##### RECORDS

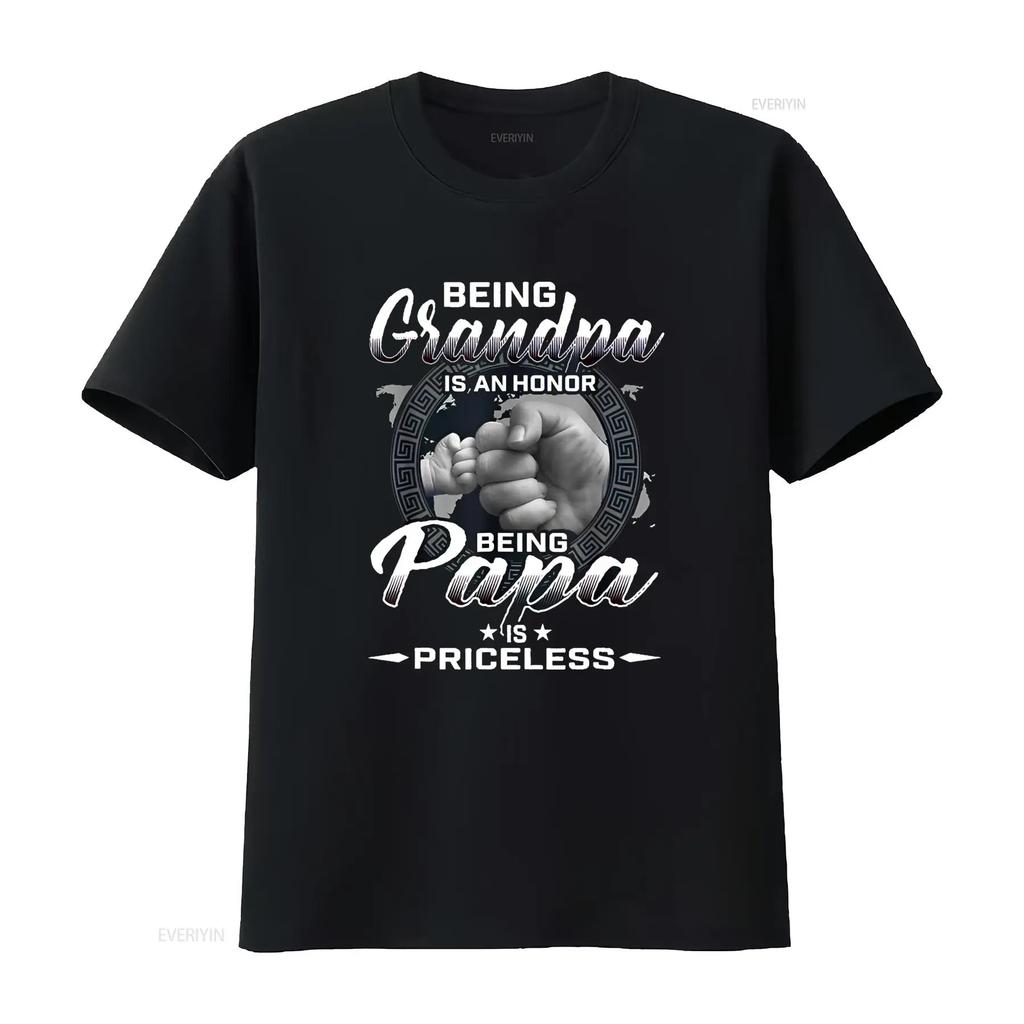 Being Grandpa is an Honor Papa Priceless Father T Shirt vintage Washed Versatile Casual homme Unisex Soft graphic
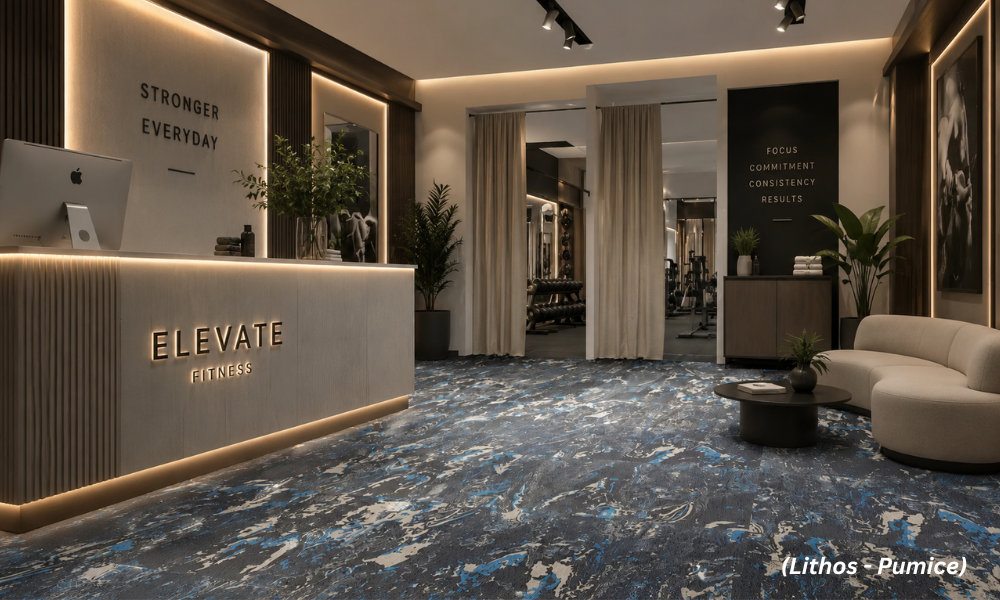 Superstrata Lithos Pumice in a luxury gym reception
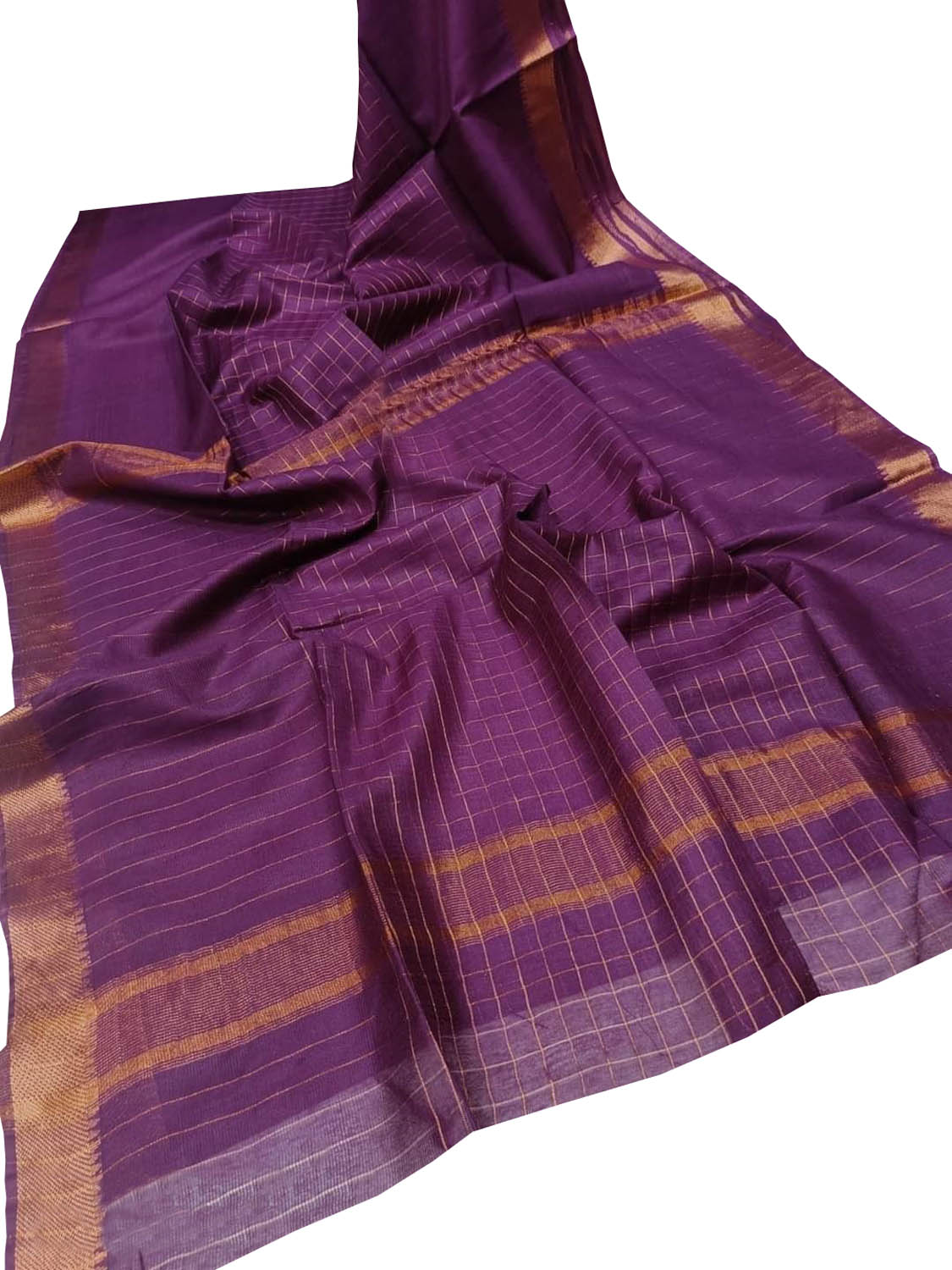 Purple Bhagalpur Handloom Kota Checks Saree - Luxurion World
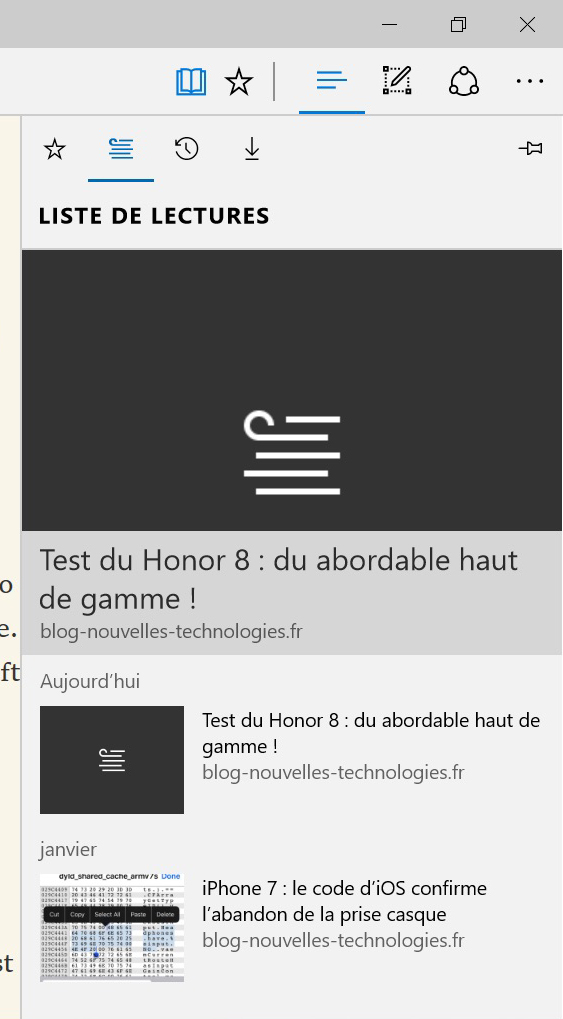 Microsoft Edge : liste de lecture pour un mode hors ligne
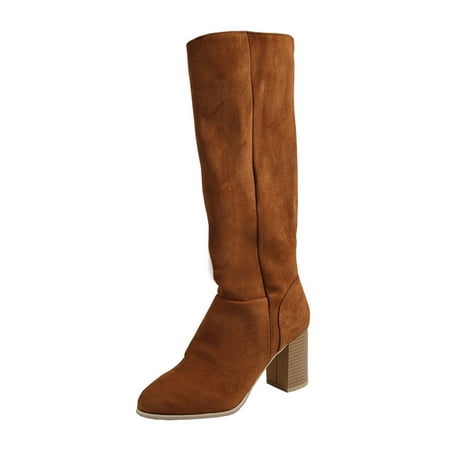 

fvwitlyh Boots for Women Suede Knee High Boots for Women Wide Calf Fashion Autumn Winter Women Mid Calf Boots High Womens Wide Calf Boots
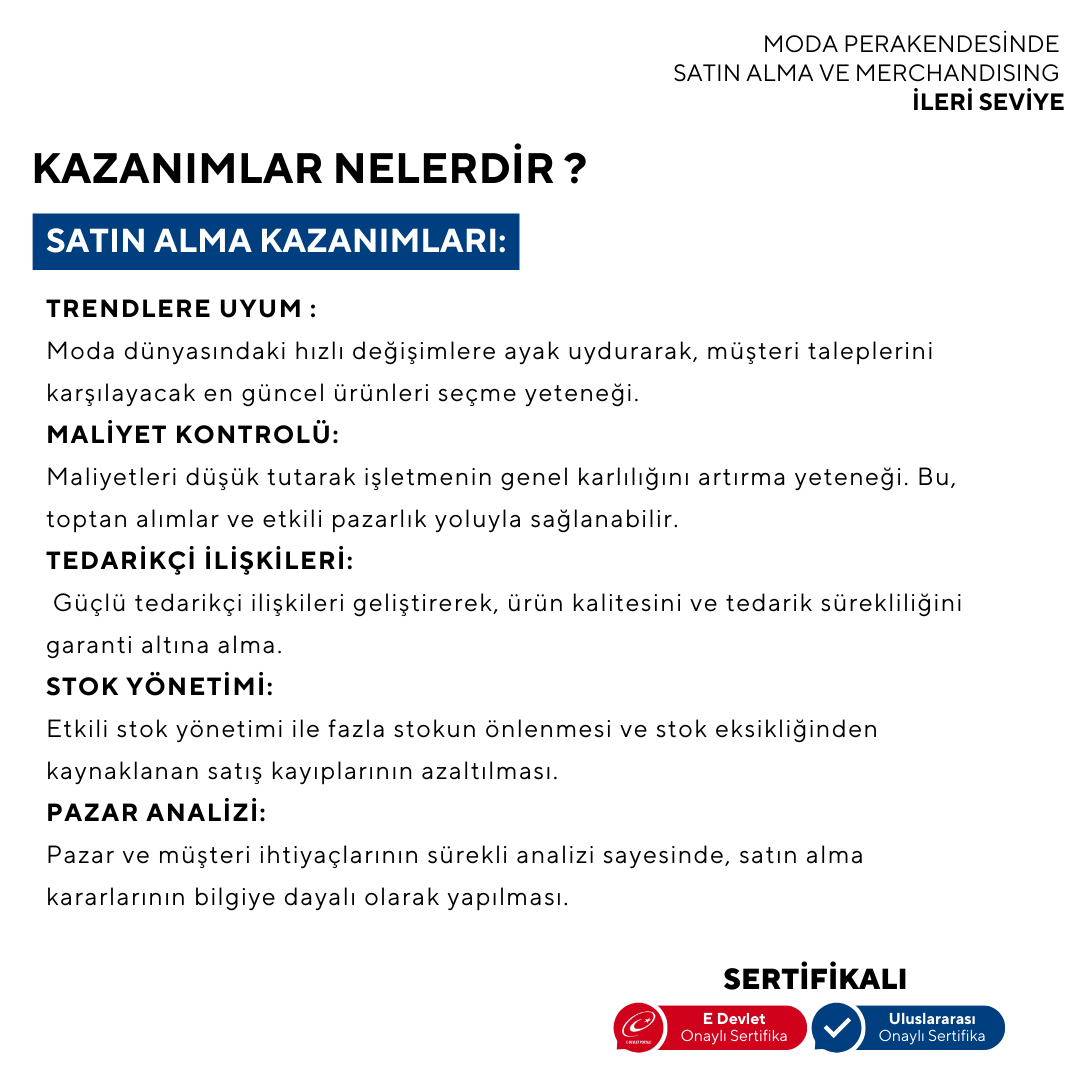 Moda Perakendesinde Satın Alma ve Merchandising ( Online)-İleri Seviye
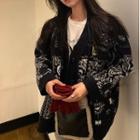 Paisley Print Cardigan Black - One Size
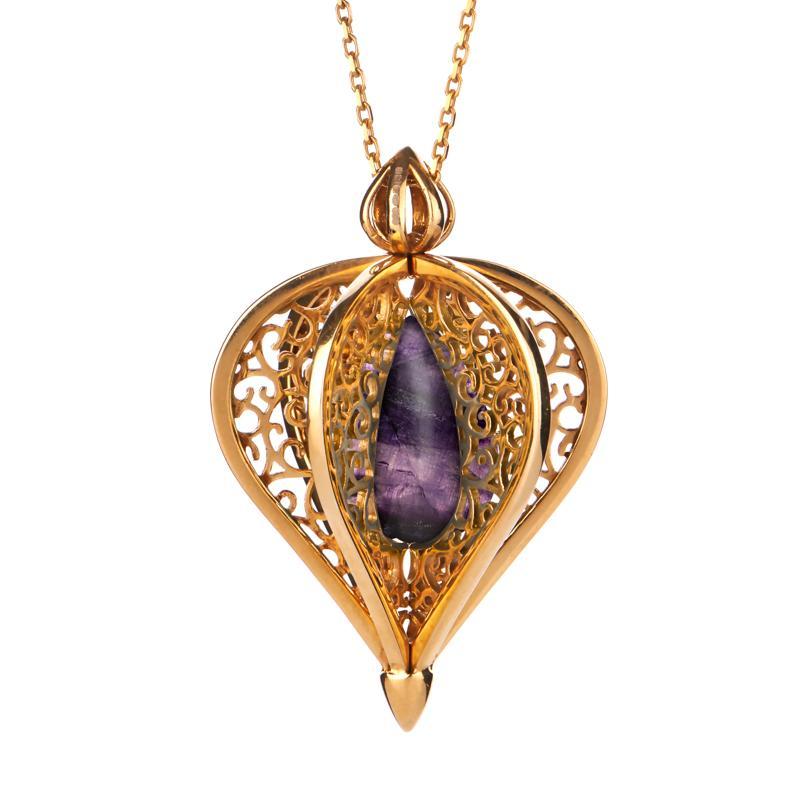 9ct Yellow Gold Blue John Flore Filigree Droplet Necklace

##########

TRY IT:
Keep the pictures out and transcribe the entries exactly.

WRITTEN ANSWER:
 Being Grandpa is an Honor Papa Priceless Father T Shirt vintage Washed Versatile Casual homme Unisex Soft graphic
 Superstrata Lithos Pumice in a luxury gym reception
 Purple Bhagalpur Handloom Kota Checks Saree - Luxurion World
 Microsoft Edge : liste de lecture pour un mode hors ligne

fvwitlyh Boots for Women Suede Knee High Boots for Women Wide Calf Fashion Autumn Winter Women Mid Calf Boots High Womens Wide Calf Boots
 Moda Perakendesinde Satın Alma ve Merchandising ( Online)-İleri Seviye
 Paisley Print Cardigan Black - One Size
 9ct Yellow Gold Blue John Flore Filigree Droplet Necklace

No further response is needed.